Agile Infrastructure: A Case Study

Many associate agile product development primarily with software development. That’s because the agile manifesto and principles specifically reference “software.” However, agile values and principles can apply more broadly. People use agile approaches to create products in a variety of industries, from biotech to manufacturing to marketing. They can do this because they have an agile infrastructure. In this article, we’ll discuss how an infrastructure department became more agile using scrum.

The background and challenges

Like many infrastructure departments, this one managed the services offered to employees and customers (hardware, software, network, storage, etc.) and were responsible for technical support. Typical projects ranged from cloud migration to network and storage upgrades to deploying multi-factor authentication. They also implemented upgrades and maintenance of operating systems and hardware, including on and offsite data centers. Projects to improve security were frequent and a large portion of their workload.

The offshore help desk suffered from long call wait times. Major incidents and service outages were common. The organization used a weekly Change Advisory Board (CAB) to approve all changes to production. The CIO joined the CAB to curb business disruption from poorly implemented change. Most changes occurred during non-business hours, causing late evening and weekend work.

Aside from these issues, the drivers for pursuing agility stemmed from the feedback from their sponsors and customers. Many felt the infrastructure department never completed a project on time or within budget. They had 36 active projects or more running at any one time. Their employees were very skilled but were spread thin, working on multiple projects at once.

Skills and knowledge lived in silos with specific key individuals (network expert, storage expert, etc.). Some projects, such as domain or platform migrations, were in progress for years. Mergers and acquisitions arose somewhat unexpectedly, causing the organization to drop everything to onboard the new opportunity. Change was rampant, and they struggled to adapt effectively.

Initial steps

After an assessment of their current state, they separated the organization into project people and support people. This was particularly difficult because many of the same people were both. After making some difficult decisions, they defined their first cross-functional scrum team focused on cloud adoption.

Second, they started evaluating their work from the perspective of prioritization into a single backlog. After initiating an awareness campaign and collecting feedback on the concept, they helped everyone see the potential value and reasons why it would be important for employees and the infrastructure department.

They collaborated with stakeholders to build a compelling vision statement and assembled a roadmap to accomplish it.

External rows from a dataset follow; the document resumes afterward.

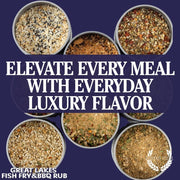 Great Lakes Fish Fry & BBQ Rub Bougie BBQ Gustus Vitae
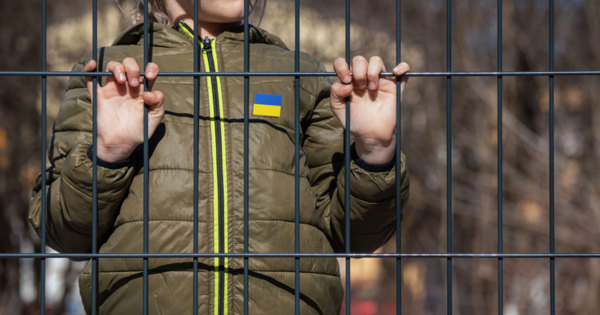 В Україні формують національну базу ДНК для розшуку дітей, вивезених Росією.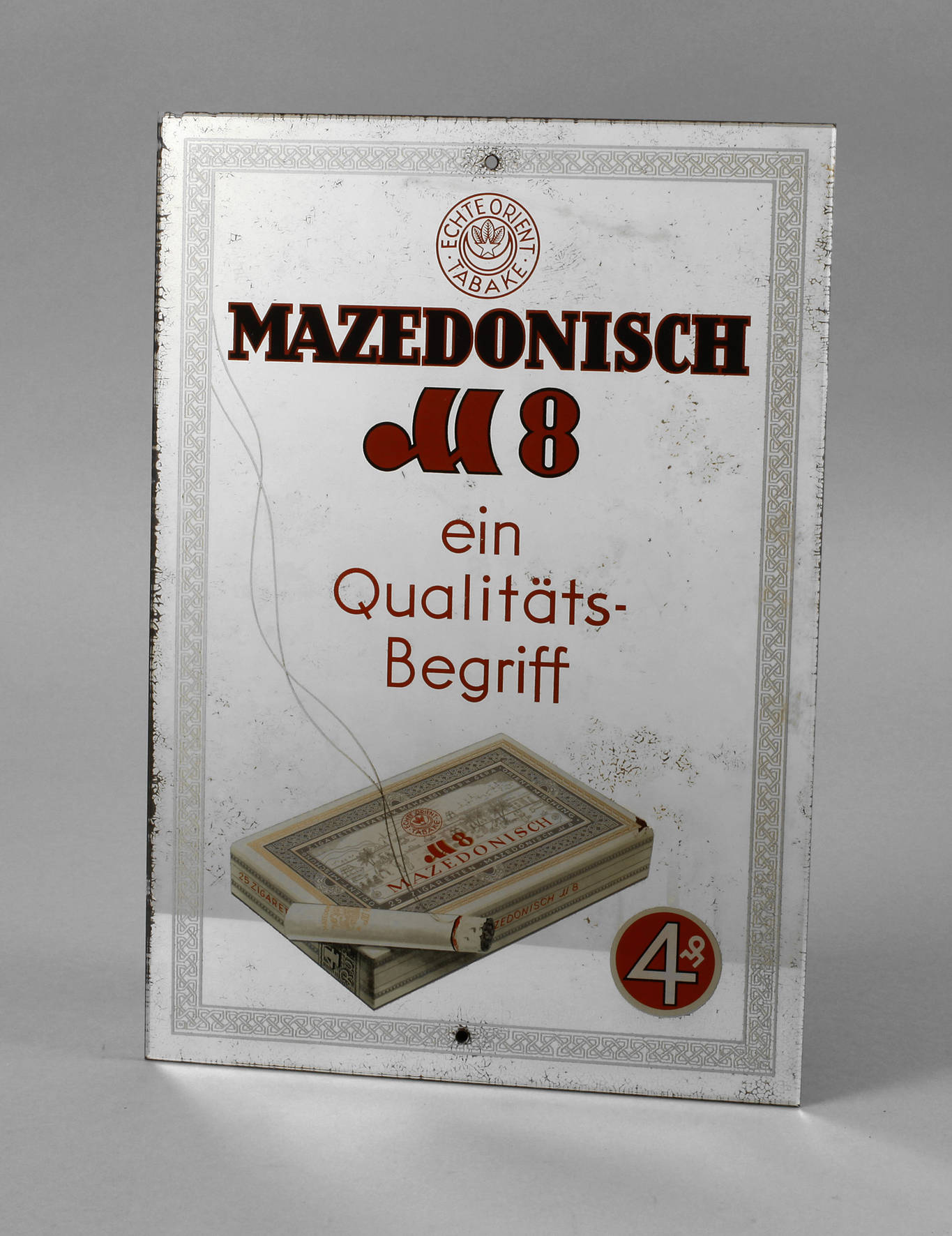 Werbespiegel Mazedonisch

The added all nagging problems, technical challenges, upgrades, and planned projects at a high level to the roadmap. They used the Roadmap to Value learned in scrum class, focusing on the outcomes they wanted to achieve for their customers and stakeholders.

The first draft of the Infrastructure Roadmap.

Intermediate adjustments

Building on the success of the cloud adoption team, they created more teams. The company organized teams one by one, but not before earlier teams received coaching and achieved a predictable velocity. Each team had a product owner, development team, and a scrum master.

As the teams started collaborating, they planned their releases together. Product owners worked as a team and met beforehand to identify key backlog items to address and draft the release goal. The teams joined the conversation for a joint release planning session, facilitated by the scrum masters.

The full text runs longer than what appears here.